**YOUR INSTRUCTIONS**
The exercise asks you to copy every line below in which "Mini" appears.
(DATA PROVIDED Opens)
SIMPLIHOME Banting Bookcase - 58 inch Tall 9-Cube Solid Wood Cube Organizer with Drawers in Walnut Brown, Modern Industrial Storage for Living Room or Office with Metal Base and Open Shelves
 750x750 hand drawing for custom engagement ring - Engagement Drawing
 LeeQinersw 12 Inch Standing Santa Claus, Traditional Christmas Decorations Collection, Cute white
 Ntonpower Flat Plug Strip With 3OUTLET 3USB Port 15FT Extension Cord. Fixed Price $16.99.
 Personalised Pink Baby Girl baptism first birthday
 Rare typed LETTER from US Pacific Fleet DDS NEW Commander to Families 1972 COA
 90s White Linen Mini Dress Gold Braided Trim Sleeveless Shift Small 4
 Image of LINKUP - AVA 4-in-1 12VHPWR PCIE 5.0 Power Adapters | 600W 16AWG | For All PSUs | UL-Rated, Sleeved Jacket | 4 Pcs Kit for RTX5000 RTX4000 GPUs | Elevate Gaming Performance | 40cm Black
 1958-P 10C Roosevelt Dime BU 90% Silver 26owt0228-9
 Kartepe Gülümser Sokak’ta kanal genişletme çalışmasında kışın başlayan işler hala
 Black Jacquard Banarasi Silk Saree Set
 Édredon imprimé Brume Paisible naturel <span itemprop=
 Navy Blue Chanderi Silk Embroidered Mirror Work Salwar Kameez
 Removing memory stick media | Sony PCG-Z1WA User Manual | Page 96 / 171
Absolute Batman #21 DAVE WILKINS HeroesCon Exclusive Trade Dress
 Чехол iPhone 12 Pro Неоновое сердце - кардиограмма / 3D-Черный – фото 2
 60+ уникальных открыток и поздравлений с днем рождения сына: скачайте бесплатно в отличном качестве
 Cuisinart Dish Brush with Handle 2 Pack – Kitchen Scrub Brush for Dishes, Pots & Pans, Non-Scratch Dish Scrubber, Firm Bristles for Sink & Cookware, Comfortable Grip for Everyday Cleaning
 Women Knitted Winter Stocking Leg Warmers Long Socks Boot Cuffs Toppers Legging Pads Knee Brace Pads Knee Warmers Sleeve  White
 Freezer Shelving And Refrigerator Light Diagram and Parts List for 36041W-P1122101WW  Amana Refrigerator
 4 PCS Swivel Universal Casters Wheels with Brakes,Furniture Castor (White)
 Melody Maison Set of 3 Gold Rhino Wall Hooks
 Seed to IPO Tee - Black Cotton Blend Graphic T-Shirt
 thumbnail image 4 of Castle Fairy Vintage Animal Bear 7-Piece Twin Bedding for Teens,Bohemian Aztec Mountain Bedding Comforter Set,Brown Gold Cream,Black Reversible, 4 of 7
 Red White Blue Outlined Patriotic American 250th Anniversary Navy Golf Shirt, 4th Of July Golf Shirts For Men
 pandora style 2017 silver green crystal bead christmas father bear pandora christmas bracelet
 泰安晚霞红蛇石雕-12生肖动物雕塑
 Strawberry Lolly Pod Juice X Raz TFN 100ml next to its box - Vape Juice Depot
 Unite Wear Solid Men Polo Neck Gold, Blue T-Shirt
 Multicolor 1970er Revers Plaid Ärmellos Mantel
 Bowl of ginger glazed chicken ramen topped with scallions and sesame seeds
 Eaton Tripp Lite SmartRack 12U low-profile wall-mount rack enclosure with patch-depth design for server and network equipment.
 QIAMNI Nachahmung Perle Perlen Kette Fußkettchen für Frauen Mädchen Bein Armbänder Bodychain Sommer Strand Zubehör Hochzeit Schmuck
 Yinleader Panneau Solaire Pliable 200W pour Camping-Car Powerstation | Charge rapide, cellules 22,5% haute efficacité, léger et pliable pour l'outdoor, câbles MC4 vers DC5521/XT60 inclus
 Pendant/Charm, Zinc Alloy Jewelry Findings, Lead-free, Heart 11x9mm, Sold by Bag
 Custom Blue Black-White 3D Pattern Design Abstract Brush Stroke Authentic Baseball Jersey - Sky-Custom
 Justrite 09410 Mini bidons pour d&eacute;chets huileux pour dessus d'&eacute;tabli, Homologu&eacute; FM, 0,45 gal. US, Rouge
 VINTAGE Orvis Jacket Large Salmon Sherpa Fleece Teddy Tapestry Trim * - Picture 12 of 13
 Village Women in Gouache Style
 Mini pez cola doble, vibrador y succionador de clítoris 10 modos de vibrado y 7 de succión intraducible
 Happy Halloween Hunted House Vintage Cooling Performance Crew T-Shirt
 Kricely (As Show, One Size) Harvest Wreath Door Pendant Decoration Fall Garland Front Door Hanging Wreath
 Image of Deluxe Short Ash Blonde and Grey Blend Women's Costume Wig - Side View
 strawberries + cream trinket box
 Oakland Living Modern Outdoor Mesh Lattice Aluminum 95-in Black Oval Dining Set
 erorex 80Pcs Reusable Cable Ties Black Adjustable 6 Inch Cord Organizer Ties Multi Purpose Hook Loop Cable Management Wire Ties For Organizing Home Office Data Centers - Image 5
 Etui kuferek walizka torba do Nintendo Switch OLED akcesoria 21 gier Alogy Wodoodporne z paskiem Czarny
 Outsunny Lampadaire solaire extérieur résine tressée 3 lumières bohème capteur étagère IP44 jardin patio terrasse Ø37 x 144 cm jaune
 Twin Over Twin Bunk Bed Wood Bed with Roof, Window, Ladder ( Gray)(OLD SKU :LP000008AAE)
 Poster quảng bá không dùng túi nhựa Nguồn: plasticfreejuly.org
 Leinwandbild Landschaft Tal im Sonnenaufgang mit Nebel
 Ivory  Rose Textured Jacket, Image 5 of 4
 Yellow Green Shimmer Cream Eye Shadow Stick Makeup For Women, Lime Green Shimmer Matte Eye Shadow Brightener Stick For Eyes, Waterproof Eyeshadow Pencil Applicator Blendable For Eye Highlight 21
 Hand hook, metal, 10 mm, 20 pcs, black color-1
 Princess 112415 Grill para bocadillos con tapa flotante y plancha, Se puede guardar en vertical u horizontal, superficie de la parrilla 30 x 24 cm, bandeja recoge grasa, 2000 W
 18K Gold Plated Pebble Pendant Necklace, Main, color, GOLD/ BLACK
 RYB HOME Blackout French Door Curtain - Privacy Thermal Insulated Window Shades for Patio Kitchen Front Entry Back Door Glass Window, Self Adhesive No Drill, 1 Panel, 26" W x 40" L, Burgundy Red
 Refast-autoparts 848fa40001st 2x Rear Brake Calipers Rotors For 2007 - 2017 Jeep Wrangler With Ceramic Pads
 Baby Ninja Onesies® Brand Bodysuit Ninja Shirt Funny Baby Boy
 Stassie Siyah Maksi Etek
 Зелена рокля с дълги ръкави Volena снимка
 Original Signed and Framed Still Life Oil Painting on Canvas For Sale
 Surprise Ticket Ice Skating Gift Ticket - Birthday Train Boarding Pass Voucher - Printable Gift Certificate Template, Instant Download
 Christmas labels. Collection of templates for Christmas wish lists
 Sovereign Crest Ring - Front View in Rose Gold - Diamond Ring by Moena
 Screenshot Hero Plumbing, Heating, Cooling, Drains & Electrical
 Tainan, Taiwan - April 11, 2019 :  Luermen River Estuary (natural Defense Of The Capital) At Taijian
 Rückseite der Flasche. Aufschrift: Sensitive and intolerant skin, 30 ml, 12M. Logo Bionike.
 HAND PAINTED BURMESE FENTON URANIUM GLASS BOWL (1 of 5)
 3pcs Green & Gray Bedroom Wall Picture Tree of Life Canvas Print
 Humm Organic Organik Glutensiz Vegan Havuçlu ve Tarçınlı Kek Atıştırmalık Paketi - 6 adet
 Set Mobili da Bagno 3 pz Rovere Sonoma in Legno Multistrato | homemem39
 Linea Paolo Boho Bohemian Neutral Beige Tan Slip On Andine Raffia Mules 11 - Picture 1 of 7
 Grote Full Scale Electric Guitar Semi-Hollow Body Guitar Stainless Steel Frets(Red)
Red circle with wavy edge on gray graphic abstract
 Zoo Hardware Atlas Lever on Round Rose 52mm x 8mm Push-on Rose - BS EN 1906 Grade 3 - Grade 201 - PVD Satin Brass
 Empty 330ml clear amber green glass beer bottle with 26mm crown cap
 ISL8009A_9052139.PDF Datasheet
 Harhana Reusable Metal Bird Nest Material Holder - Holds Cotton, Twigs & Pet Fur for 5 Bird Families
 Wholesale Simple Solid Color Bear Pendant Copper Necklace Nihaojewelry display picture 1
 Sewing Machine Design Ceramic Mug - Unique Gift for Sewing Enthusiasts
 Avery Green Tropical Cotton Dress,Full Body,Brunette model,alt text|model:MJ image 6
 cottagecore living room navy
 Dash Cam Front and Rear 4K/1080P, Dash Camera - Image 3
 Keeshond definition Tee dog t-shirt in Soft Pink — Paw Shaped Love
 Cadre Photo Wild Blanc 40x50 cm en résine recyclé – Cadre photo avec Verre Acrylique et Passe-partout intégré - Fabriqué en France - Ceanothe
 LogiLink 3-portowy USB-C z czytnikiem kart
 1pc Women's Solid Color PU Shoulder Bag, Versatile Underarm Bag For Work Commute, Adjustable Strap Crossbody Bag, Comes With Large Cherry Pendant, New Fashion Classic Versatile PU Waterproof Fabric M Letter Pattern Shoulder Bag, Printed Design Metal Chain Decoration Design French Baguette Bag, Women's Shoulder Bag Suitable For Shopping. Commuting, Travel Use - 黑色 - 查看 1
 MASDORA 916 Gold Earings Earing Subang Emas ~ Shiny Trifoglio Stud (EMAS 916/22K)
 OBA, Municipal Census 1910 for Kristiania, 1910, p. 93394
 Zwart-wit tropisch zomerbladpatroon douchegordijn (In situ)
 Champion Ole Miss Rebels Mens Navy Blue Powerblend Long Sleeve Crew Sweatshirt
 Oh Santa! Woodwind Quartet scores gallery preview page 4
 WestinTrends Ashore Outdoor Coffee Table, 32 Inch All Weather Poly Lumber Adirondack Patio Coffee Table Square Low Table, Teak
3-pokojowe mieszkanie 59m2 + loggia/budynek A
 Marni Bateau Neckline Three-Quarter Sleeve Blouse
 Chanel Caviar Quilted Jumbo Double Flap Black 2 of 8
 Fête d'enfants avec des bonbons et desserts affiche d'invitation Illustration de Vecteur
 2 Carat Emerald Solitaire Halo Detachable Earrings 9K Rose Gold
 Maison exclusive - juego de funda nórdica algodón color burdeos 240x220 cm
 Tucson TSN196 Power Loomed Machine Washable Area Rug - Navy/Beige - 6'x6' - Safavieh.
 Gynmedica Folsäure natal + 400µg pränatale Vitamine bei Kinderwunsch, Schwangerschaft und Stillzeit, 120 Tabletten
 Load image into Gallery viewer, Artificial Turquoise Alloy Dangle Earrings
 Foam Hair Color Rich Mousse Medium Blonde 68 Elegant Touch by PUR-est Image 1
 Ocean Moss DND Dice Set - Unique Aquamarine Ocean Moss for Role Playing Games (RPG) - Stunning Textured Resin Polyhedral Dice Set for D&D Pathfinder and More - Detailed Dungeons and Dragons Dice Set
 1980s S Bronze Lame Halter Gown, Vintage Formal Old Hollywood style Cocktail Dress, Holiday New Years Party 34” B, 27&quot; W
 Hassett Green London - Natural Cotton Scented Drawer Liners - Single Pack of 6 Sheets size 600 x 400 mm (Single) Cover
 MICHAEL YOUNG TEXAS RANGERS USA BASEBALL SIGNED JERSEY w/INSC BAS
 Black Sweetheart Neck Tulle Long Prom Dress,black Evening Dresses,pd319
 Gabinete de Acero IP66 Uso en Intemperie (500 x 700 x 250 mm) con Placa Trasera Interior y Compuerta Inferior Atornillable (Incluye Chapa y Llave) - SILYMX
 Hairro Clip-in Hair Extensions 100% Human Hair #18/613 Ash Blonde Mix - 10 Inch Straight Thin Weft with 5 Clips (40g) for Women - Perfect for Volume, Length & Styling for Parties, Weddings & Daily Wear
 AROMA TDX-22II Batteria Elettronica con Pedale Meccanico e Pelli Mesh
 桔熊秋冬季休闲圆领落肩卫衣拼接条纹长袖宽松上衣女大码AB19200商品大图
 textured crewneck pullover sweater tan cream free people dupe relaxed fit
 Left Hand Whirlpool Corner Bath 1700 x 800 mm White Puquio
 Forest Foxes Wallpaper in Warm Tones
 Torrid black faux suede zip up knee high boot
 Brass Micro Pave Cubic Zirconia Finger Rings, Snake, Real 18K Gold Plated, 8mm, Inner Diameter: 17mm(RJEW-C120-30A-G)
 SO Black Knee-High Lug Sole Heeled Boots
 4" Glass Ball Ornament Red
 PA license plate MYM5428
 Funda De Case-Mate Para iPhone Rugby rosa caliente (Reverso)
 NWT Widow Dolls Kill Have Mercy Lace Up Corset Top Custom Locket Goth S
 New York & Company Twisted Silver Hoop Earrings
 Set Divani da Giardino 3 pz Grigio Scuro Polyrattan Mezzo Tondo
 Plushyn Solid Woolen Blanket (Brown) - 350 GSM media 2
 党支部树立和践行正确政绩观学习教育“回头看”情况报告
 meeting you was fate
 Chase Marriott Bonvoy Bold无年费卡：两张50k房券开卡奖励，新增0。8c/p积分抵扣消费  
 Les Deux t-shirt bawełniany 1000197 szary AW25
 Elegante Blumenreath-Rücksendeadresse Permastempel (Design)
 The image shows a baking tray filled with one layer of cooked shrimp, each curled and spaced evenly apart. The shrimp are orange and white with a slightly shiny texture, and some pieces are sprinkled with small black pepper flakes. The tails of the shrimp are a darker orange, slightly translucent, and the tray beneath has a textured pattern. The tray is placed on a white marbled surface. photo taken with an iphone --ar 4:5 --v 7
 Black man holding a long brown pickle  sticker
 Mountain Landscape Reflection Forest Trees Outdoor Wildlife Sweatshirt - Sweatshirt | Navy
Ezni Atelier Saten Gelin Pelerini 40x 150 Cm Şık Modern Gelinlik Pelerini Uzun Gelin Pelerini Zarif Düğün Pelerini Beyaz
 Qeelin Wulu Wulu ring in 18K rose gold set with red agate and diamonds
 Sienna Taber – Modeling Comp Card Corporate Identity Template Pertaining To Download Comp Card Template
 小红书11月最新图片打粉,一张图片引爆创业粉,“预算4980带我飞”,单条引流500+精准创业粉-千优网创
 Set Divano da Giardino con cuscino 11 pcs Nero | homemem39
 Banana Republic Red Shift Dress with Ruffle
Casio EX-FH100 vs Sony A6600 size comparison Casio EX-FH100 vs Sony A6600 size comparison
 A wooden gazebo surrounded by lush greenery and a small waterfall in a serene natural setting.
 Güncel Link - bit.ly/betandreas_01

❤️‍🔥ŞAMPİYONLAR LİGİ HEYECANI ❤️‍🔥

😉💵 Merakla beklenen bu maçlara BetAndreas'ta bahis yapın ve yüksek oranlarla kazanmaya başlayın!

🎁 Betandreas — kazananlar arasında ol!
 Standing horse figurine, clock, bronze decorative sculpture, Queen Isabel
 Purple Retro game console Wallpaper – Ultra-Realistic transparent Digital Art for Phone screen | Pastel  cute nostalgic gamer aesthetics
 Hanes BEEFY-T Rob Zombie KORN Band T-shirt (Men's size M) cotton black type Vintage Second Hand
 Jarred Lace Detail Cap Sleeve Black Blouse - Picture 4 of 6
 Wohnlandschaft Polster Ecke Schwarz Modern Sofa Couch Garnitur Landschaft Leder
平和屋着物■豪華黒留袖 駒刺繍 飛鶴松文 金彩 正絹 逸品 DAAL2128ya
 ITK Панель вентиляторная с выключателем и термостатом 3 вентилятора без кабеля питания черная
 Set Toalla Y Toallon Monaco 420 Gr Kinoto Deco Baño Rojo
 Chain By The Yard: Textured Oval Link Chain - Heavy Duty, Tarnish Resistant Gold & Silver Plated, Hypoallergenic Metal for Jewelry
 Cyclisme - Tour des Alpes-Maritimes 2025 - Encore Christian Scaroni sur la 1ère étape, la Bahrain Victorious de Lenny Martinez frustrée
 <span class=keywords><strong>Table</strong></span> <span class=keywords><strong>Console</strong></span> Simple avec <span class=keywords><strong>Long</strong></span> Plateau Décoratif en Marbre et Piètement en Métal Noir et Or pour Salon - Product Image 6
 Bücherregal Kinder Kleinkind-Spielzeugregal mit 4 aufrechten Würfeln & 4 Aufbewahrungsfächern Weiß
(DATA PROVIDED Closes)
**ANSWER TO THIS TASK**
 90s White Linen Mini Dress Gold Braided Trim Sleeveless Shift Small 4
 Justrite 09410 Mini bidons pour d&eacute;chets huileux pour dessus d'&eacute;tabli, Homologu&eacute; FM, 0,45 gal. US, Rouge
 Mini pez cola doble, vibrador y succionador de clítoris 10 modos de vibrado y 7 de succión intraducible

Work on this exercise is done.